Pour la directrice du CEDEM, cela a été d’abord une rencontre très riche avec pour but de faire avancer la cause des enfants. Elle souligne que le cas de ce petit mauricien handicapé qui n’arrivait pas à trouver une place dans un établissement scolaire a été relevé par les experts du comité, qui ont observé que « tous les enfants mauriciens n’ont pas un accès égal à une éducation de qualité ».
Concernant l’évaluation de la situation à la lumière des dernières recommandations du comité qui date de 2006, notre interlocutrice affirme que « le comité a insisté pour que Maurice ratifie le troisième protocole facultatif à la Convention relative aux droits de l’enfant établissant une procédure de plaintes ou de communication ». Ce protocole prévoit que les enfants puissent porter plainte devant les Nations unies en tant qu’individus.
« Le comité a aussi relevé le fait qu’après neuf ans, l’État mauricien n’a pas encore une loi en faveur des enfants relative aux provisions de la Convention internationale des droits de l’enfant. Par conséquent, de nombreuses mesures n’ont pas encore été instaurées comme celle de l’âge de la responsabilité criminelle.
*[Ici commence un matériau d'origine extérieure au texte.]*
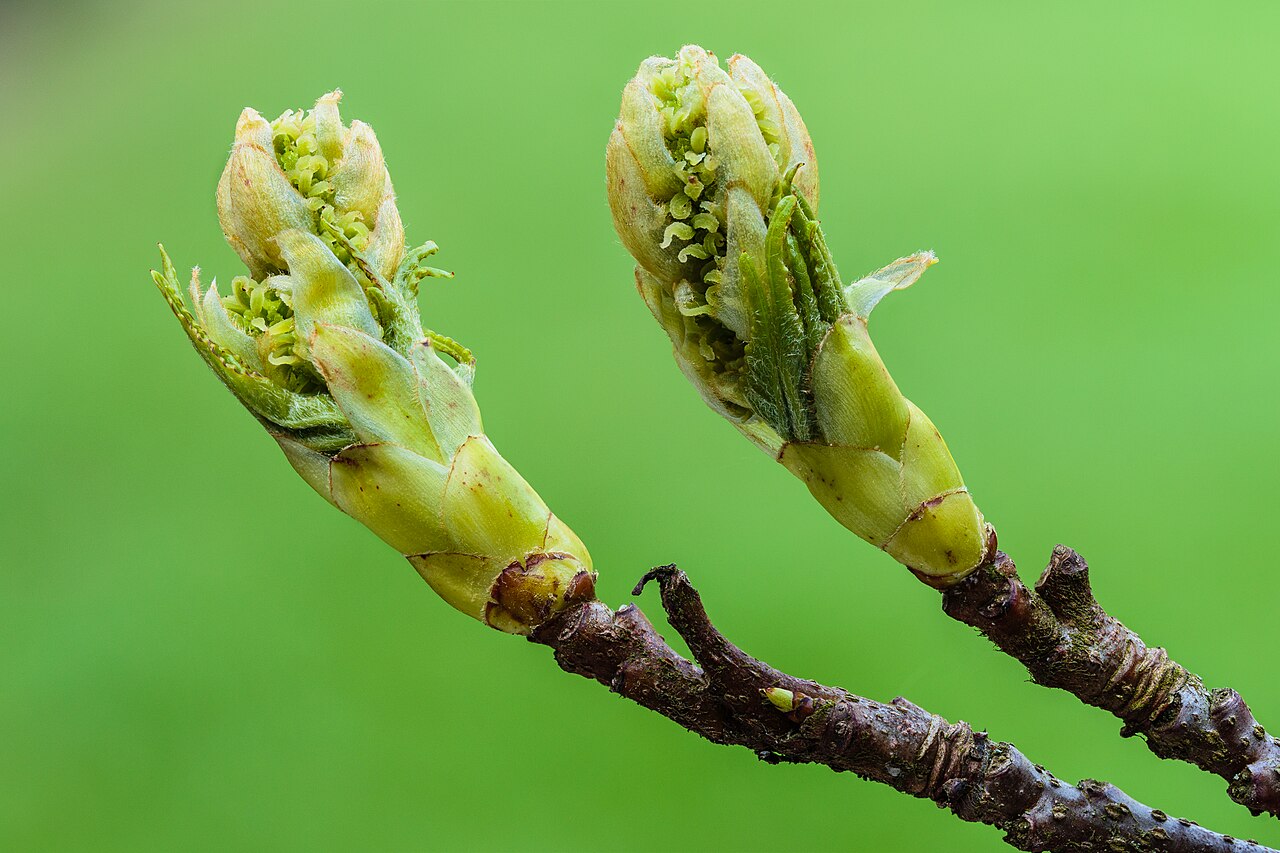 Amberboom (Liquidambar styraciflua) 14-04-2025 (d.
Il a, dans ce sens, fortement conseillé à l’État de le faire ». L’État mauricien était représenté par la Permanent Secretary du ministère de tutelle, Marie-Lise How Fok Cheung, la représentante du Parquet, qui traite des dossiers des droits humains, Priya Chittoo et la responsable de la Child Developement Unit (CDU), Karuna Chooramun. « Ils ont indiqué que Maurice a un nouveau gouvernement et ont précisé qu’un texte de loi est prêt mais n’est pas encore passé au parlement ». Rita Venkatasamy ajoute que le comité a aussi noté que « même si Maurice a ratifié la Convention des droits de l’enfant, elle n’a pas force de loi alors que dans d’autres pays, elle entre automatiquement dans les lois ».
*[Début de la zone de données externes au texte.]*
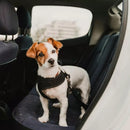 Smycz do auta - łącznik do pasów bezpieczeństwa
La question de l’adoption a aussi été relevée. « Le comité estime qu’il faudrait avoir des accredited bodies pour faciliter l’adoption des enfants », dit-elle. « Il a été question du manque de ressources de la CDU, de la définition de l’enfant dans la loi mauricienne ». Selon notre interlocutrice, « alors que la Convention définit l’enfant jusqu’à sa majorité soit 18 ans, il y a eu débat sur le fait qu’à Maurice, tel est le cas, sauf s’il est marié à l’âge de 16 ans, ce qui est permis par la loi ». Rita Venkatasamy affirme cependant que la question de sexualité a été dissociée de ce que le comité considérerait comme le « child mariage ».
Autre point majeur abordé, la liberté des enfants notamment avec le Rehabilitation Youth Centre (RYC), une structure qui demande à être revue dans son ensemble. Le comité a observé que Maurice dispose d’un très grand nombre de structures en faveur des enfants, mais « ce qui importe, c’est de savoir ce qui se passe sur le terrain et que la voix de l’enfant puisse être entendue ». Le comité estime que l’État doit aussi s’assurer que la punition corporelle ne se fasse pas « behind the doors ». La formation des juges pour entendre les affaires relatives aux enfants et l’importance de la séparation des enfants au sein des structures qui les prennent en charge, en fonction de leurs problèmes, ont aussi été évoquées. « Nous l’avons souligné à maintes reprises », affirme notre interlocutrice.
Rita Venkatasamy insiste que tous les départements dont le ministère de l’Éducation doivent se sentir concernés par le texte loi concernant les droits de l’enfant. L’État mauricien attend maintenant les conclusions et recommandations du rapport du comité des Nations unies pour les droits de l’enfant.